The scientific challenge is interesting and the overall question is relevant for publication in TC. However, my main concern is about the methodology for running snowpack simulations and validation of the results on historical period.
Major comments
1. In I understand well, the snowpack model is forced by precipitations and surface temperature of snow. This configuration is generally used when there are snow surface temperature measurements available. Here, you use an emulated definition of surface temperature coming from a relation between ERA5 data and NORA3 data. However, both data does not have the same representation of snow and in your Figure S1 it is clear that you mix soil with and without snow. You apply this relation to a third model (SNOWPACK) independent in terms of snow coverage. I cannot imagine that there is no discrepancies in the result with high surface temperature (coming from a non-snow situation in the atmospheric model) applied to snow-covered soil in SNOWPACK. The reported RMSE of about 4K seems quite high for me, especially in northern Norway where you state that the air temperature is generally not far from 0°C. There is no sensitivity associated to this quite important parameterization of the input of SNOWPACK. Additionally there is in the paper nothing to judge the relevance of the snowpack represented by SNOWPACK model. Hence, with the presented data, I cannot conclude on the relevance of the variables derived from SNOWPACK model and the conclusions that come from the correlation or absence of correlation with variables from SNOWPACK.

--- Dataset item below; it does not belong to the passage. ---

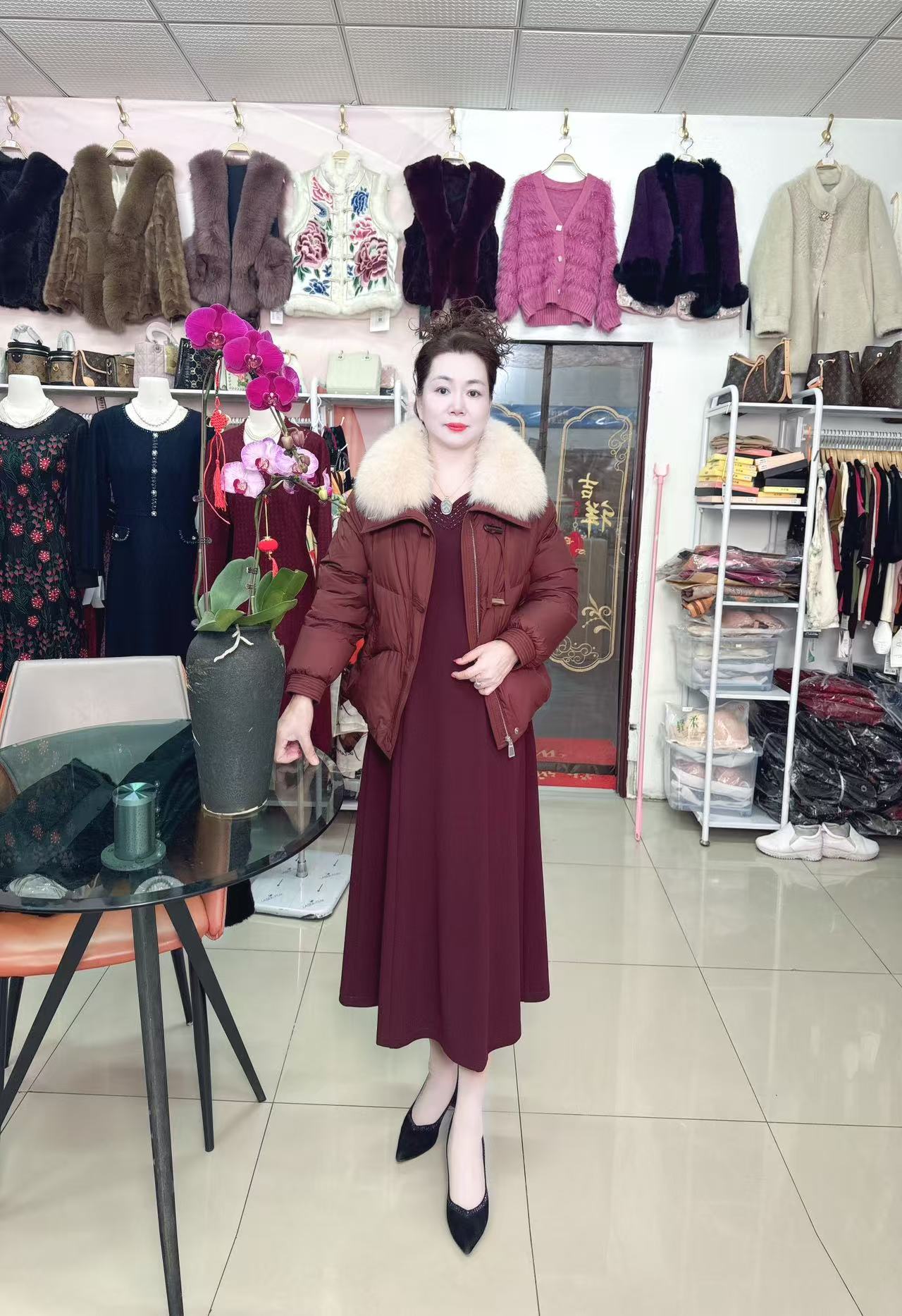 年轻妈妈大毛领短款外套新款中年母亲冬季保暖百搭加绒女款加厚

2. There is some points that would benefit from clarification in the input data and optimisation procedure of the RF model. In table C1 and C2, it was not clear for me on which variables the suffixes are applied. Is it to all features, only some, how they are combined when several suffixes are possible? With the current state of the manuscript, it was very difficult for me to figure out what are the exact inputs of the model.
For the optimisation, you “consider” the average of listed metrics, so F1 score, TSS, FAR, accuracy. This is a quite suspiring approach. Usually, coherent indicators mixing the different part of the confusion matrix are used but I do not know examples of optimisation on such a mix of scores that, for some of them, already combine the different parts of the confusion matrix (e.g. TSS, F1). This needs at least to be discussed and justified. I fully agree that using only FAR or accuracy may lead to incorrect results but some existing tools already exist to combine indicators coherently (e.g. ROC for combining recall and FAR).
2.1 there is an inconsistency in the presentation of features when they are several on the same line. e.g. “w1, w3, w7” but “wdrift_2, 3”. This does not ease the reading of the table.
2.2 For the sum of LWC by volume, a clear definition would be valuable as summing percentages on layers of different thicknesses is a nonsense.
2.3 : For SSI, Sk38 and Sn38 variation of the index on 1 to 3 days, I would like to be sure that it is the variation on the same layer even though three days before, an other weak layer have been identified as the weakest layer. Can you explain more in detail this variation?
3. The presentation of the evaluation of the RF model is quite confusing and surprising.
The percentages of figure 4 are not related to the whole sample but subsamples consisting of the different classes. This is not quite clear in the legend (the “instances” are not defined clearly) and difficult to interpret. Moreover the legend and the text line 318 state that two of the four percentages presented are recall score while only one correspond to the common definition of recall (also presented in appendix D). The recall is the part of positive avalanche conditions that are correctly predicted (lower right cell only) and not the part of negative conditions that are correctly predicted (which is usually called a true negative rate or specificity). I suggest to present the scores in a table independent from the confusion matrices presented in Fig 4 and to present all the scores used for optimisation.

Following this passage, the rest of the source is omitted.